Tuesday, August 05, 2008

Bird Netting Time

The worst, and I mean very worst by a good length, task we have to do every year is bird netting. Each August the grapes start to turn colors and finally add sugar and flavor.

The picture above shows Pinot Noir grapes at the Woodruff Family vineyard. The grapes are starting to turn pink, then red. When this happens, the birds start to feast on the grapes.

The only way to keep the birds out is to net the entire plant. I'm often asked about using noise makers, scarecrows, or the shiny tape people see in vineyards. The thing is, birds are pretty smart. The shiny tape only works on migrating birds. The glitter and color keeps them from landing in the vineyards. For birds who have been hanging around all year, the glittery tape makes a nice colorful addition to their nest building. They will remove it from the plants and use it to build nests.

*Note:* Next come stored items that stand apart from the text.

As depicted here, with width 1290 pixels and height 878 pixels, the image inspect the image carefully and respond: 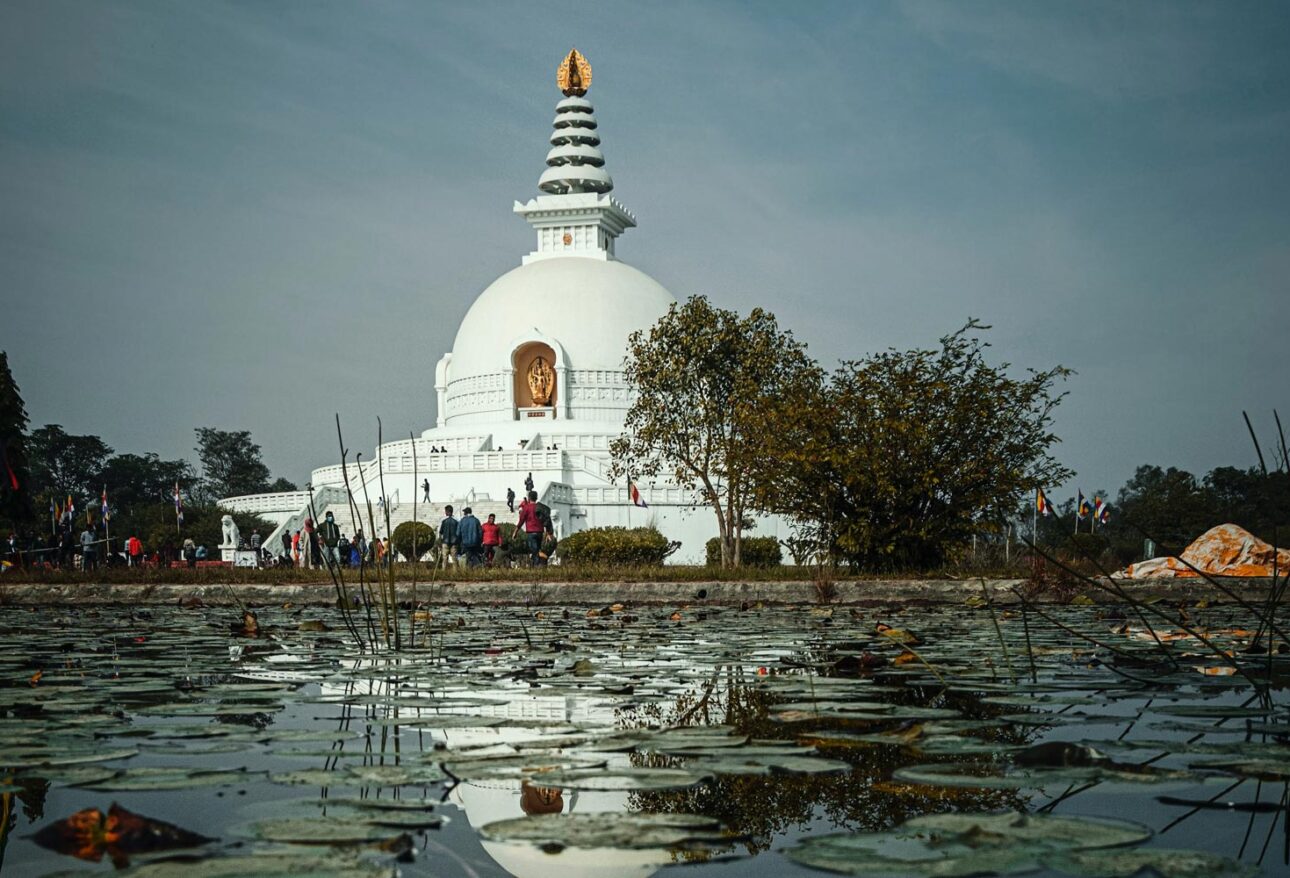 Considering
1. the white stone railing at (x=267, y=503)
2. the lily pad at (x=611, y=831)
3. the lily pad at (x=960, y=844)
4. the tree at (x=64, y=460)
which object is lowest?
the lily pad at (x=960, y=844)

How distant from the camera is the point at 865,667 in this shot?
5.46 meters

Noisemakers work for a short time, but the birds soon figure out there is no real threat and learn to ignore it. Usually your neighbors learn to call the local police and complain faster than the birds learn to ignore the noise, but in either event, the results are the same.

Other sight devices like owls and scarecrows have the same effect. They work for a short time, even if you move them daily, but the birds figure it out well before harvest.

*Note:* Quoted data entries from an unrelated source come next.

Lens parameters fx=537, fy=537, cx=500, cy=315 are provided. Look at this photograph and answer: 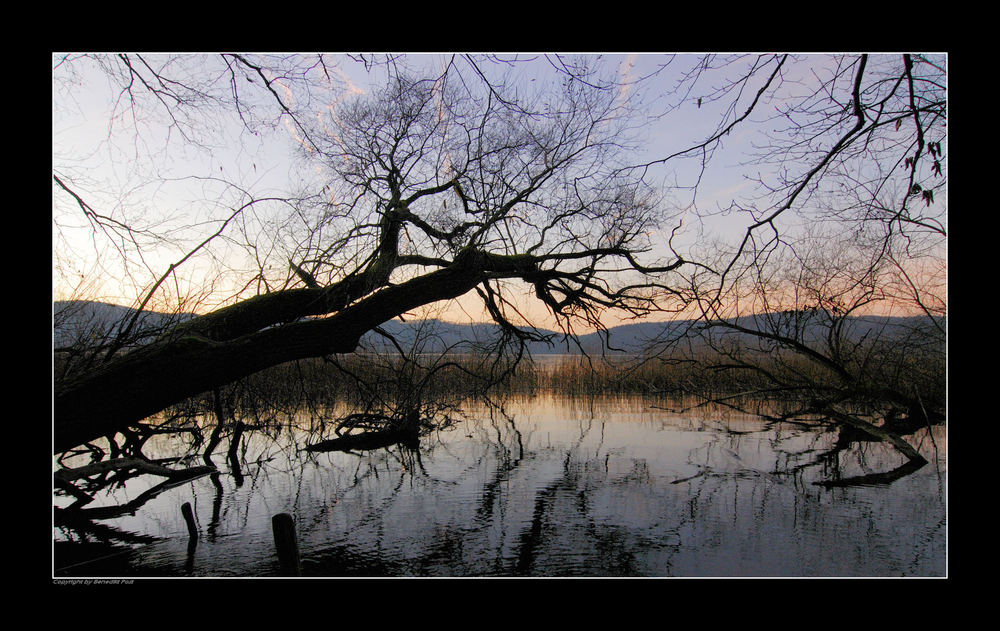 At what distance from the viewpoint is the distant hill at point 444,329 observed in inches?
203

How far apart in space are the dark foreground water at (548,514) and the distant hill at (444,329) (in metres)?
1.94

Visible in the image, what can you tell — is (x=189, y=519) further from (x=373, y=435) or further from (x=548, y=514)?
(x=373, y=435)

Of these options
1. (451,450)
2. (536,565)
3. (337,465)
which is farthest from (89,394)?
(451,450)

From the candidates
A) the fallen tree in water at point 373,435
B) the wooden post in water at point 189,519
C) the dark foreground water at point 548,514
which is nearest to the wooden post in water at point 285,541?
the dark foreground water at point 548,514

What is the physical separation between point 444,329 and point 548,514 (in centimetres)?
333

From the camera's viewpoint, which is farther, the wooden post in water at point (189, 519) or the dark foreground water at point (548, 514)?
the wooden post in water at point (189, 519)

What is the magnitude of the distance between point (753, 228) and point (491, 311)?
5036 millimetres

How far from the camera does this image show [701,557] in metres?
4.90

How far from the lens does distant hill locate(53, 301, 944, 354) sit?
5160 mm

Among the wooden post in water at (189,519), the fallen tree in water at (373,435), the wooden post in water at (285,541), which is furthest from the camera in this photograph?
the fallen tree in water at (373,435)

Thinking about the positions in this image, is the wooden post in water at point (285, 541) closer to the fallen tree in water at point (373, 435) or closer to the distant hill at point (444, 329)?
the distant hill at point (444, 329)

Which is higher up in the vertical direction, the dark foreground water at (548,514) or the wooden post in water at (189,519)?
the wooden post in water at (189,519)

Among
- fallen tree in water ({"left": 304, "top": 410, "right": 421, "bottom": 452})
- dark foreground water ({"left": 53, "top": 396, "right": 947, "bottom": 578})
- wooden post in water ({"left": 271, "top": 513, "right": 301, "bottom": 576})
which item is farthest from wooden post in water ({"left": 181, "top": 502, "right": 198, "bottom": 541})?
fallen tree in water ({"left": 304, "top": 410, "right": 421, "bottom": 452})
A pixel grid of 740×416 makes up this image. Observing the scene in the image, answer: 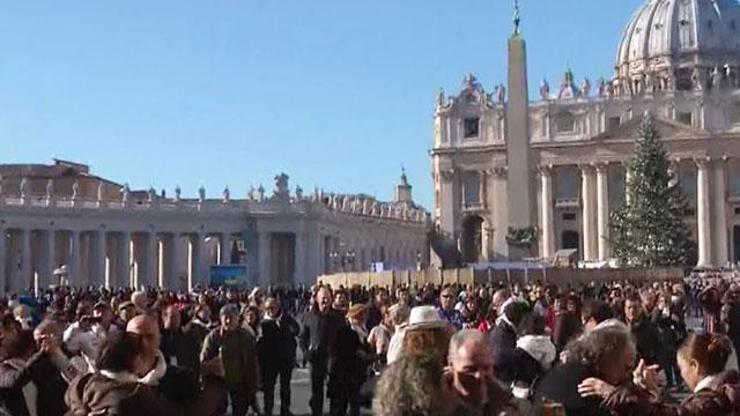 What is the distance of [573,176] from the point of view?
99250 millimetres

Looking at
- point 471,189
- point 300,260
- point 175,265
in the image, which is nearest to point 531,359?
point 175,265

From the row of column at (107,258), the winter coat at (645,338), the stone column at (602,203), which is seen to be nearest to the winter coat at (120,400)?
the winter coat at (645,338)

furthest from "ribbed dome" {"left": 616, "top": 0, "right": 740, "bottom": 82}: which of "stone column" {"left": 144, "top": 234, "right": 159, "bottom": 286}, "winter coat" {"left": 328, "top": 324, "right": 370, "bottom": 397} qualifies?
"winter coat" {"left": 328, "top": 324, "right": 370, "bottom": 397}

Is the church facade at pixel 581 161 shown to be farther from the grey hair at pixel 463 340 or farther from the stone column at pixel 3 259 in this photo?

So we net. The birds will actually attack the nets trying to figure out a way in, so we have to make sure the nets are sealed up tight, and then we inspect them regularly through harvest. Above you can see Millie pulling the netting as Herrardo (Jerry B.) drives the tractor. The nets sit in a special bucket and a pulley system moves them over the plants. Two people have to then spread the nets over the plants.

There are a lot of reasons we all hate this tasks so much. First of all, most of it has to be done by hand. Even in the vineyards with tractors we have to pull, tie up and secure the nets by hand. This is a terrible dirty job. The nets have sat in storage all year and they are filthy, dirty and grimy. Your hands are black by the end of the day. Add to that, it's August. It's hot, very hot, and you are in the sun all day. You can't really wear good cover, or even much of a hat. Anything with buttons, or oversize will get snagged in the nets, so you have to stick with t-shirts, simple hats and maybe a mask. You need the mask because by August the vineyards are super dusty. All things together, it makes for a tough bunch of days.

Here you get a close up of the process. Millie is taking another batch of nets to load up and Jerry B. is running the net through the pulley. Jerry drives the tractor while Millie and I pull the nets. Stefania then comes along behind us and ties the nets up under the plants. During the week, Jerry's wife does the tie up and his brother helps with the net pulling.
We will end up netting about 12 of our 18 acres. The birds are pretty reluctant to fly deep into a vineyard with out having trees near by they can retreat too if they spot a snake or a hawk. Those vineyards that don't have a lot of tree cover only get netted around the edges. That's why you don't see nets as much in Napa or Sonoma. Since those areas tend to be much more open and with miles of vineyards, the birds don't have cover to hide in. The Woodruff Vineyard gets 100% netted as there are trees around almost the entire area.
When this finally wraps up, we usually have a good party to celebrate.